Among those detained was a teacher from the Nile Delta city of Damanhour, who allegedly posted on his Facebook page a “statement inciting the burning of police vehicles,” the ministry said.
Two others, a government employee and his son, were arrested for running a page called “Revolutionaries of Beni Suef,” a southern province. The page, set up on Jan. 21, has around 500 followers.
One of its postings shows three pictures of an army officer with his children. A caption with the post identifies him as part of the “el-Sissi militia.”
“I say to all el-Sissi dogs everywhere, you are under the microscope,” it read.
Six others were detained in Damanhour for running Facebook page called “Damanhour Ghosts.” The page mostly carries criticism of the military and government and calls for the freeing of detainees — though one picture shows the country’s top leaders, including el-Sissi, in prison uniforms with nooses dangling above them.
Others were arrested in connection to a page called “Anti-Coup Hooligans Brigade,” launched in October, which includes pictures of policemen the page accuses of killing protesters, warning, “vengeance is coming” and pictures of youth throwing firebombs and instructions.
Suicide bombings, attacks and drive-by shootings by militants have targeted senior police officers, including Lt. Col. Mohammed Mabrouk, whom authorities said was involved in investigating Brotherhood leaders and was killed in November. Small bombs go off or are found planted near police stations regularly.
Social media and Facebook in particular were main platforms for organizing the country’s 2011 uprising that led to the ouster of longtime president Hosni Mubarak. Since then, fiercely anti-police pages have arisen during years of turmoil by youth of various stripes, including riotous soccer fans who often clash with police.
During Morsi’s one-year presidency, there were several arrests linked to postings seen as blasphemous or offensive to Islam.
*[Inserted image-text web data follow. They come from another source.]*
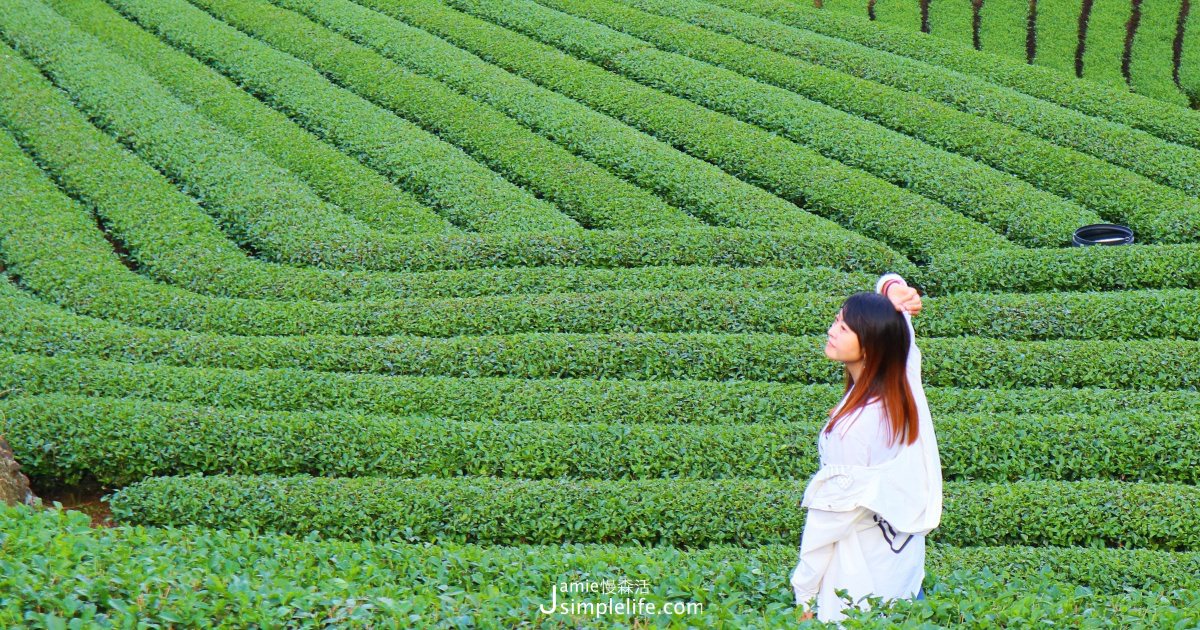 新北坪林｜南山寺茶園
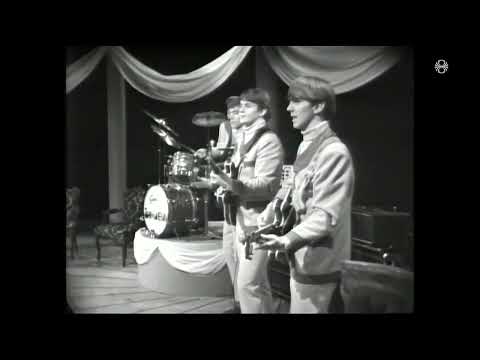 Óðmenn - Óður Óðsmannsins(1967)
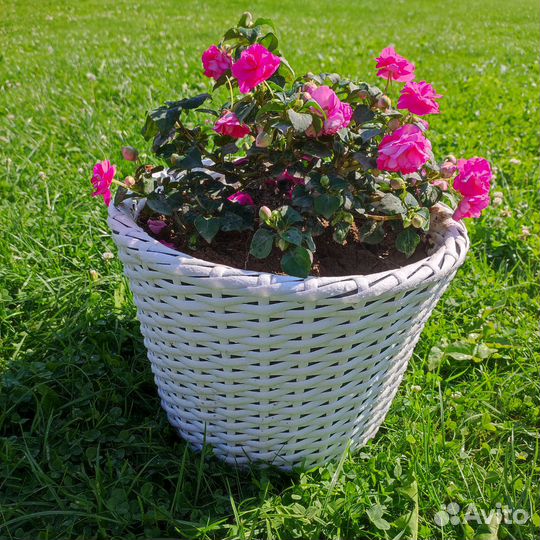Кашпо из ротанга 12 литров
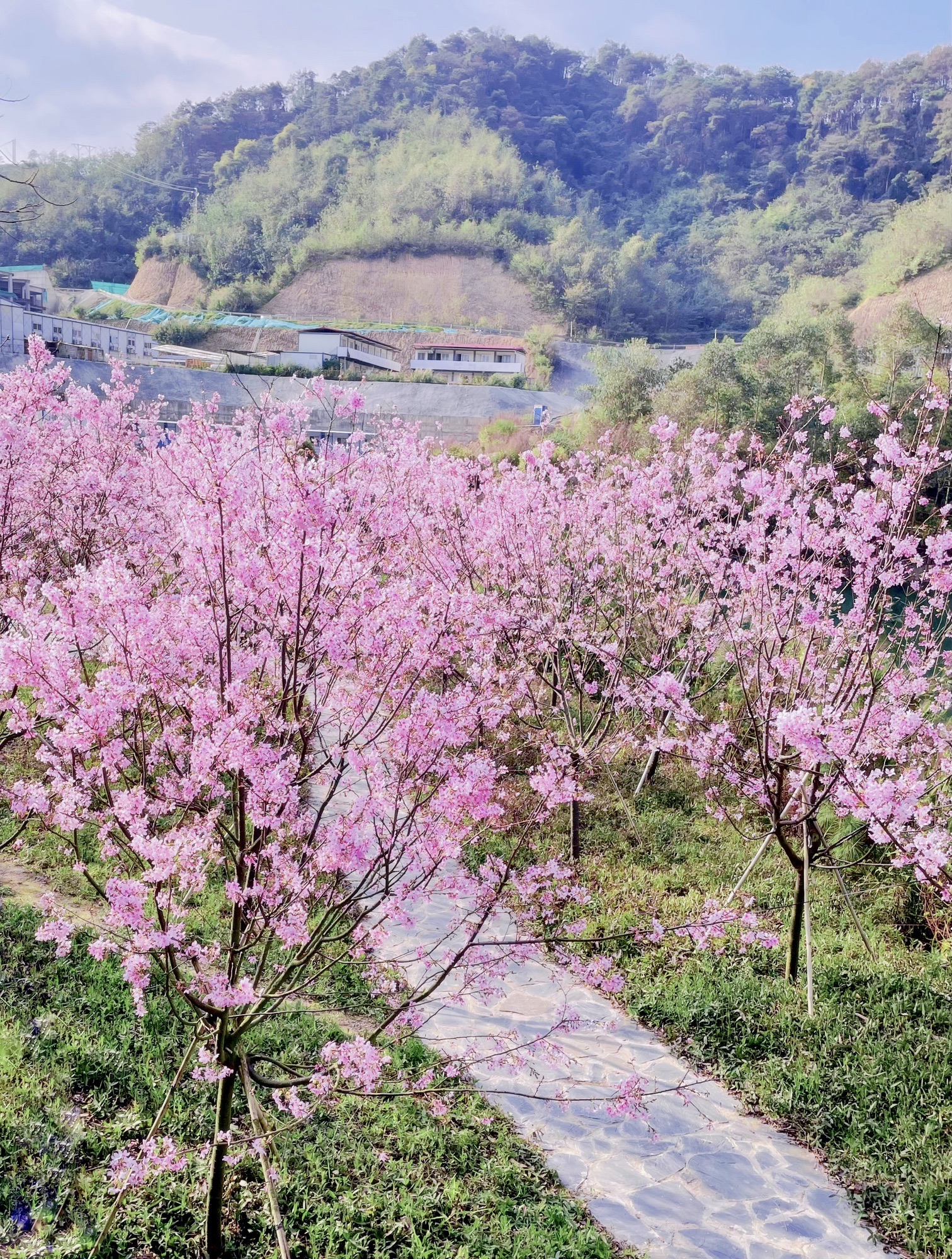 融创由心谷樱花岛旅行图片 1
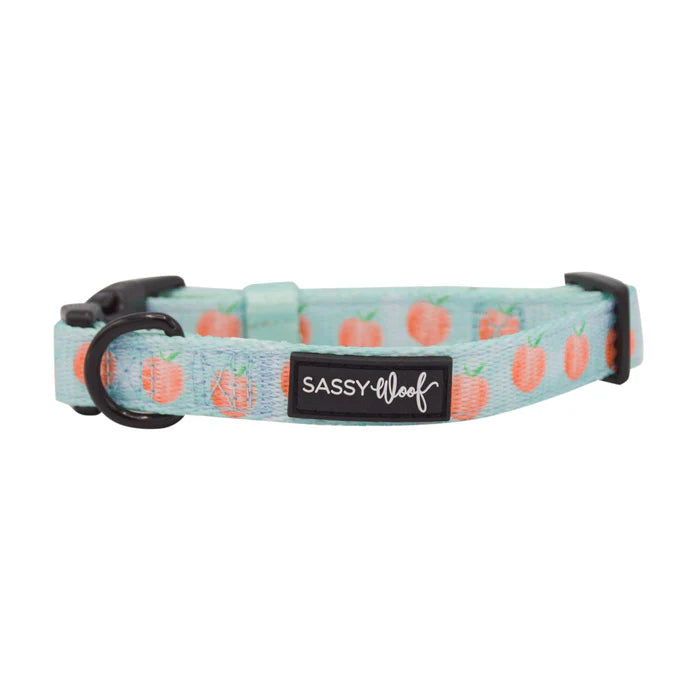 Peach Please - Modern Dog Collar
Coptic Christian Alber Saber sentenced to three years in prison in 2012 after neighbors complained he posted an anti-Islam film on his Facebook page.
In 2012, leading blogger and activist Alaa Abdel-Fattah was detained after a user posted a message on his Twitter account about anti-Morsi protests outside the Brotherhood’s Cairo headquarters.
Authorities also expanded their anti-Brotherhood crackdown to go after the Qatar-based Al-Jazeera TV news network, which they have long accused of bias in favor of the group. The network denies any bias.
On Wednesday, 20 Al-Jazeera journalists were ordered put on trial on charges of aiding or joining a terrorist group and endangering national security.
After the indictment, US State Department spokeswoman Jen Psaki said Washington was “deeply concerned” about the lack of freedoms in Egypt and the country’s “egregious disregard for the protection of basic rights and freedoms.”
Egypt’s Foreign Ministry spokesman, Badr Abdelattie, rejected the US criticism, insisting that the judicial system ensures fair trials and the government does not interfere in its work.
No date has been set for the trial and the full lists of charges and defendants have not been released.
The 20 defendants are known to include three men working for Al-Jazeera English: Acting bureau chief Mohammed Fahmy, a Canadian-Egyptian, award-winning correspondent Peter Greste of Australia and producer Baher Mohamed, an Egyptian. The three were arrested on Dec. 29 in a raid on the hotel suites where they were working.
Greste’s parents, Lois and Juris, called the arrests of the three an abuse of human rights, free speech and journalists’ freedom to report.
“Someone didn’t like their report. For that, they are now put into a maximum security prison for what is clearly punishment — not mere detention,” Juris Greste told reporters in Brisbane. “This is most undeserved, outrageous and shameful.”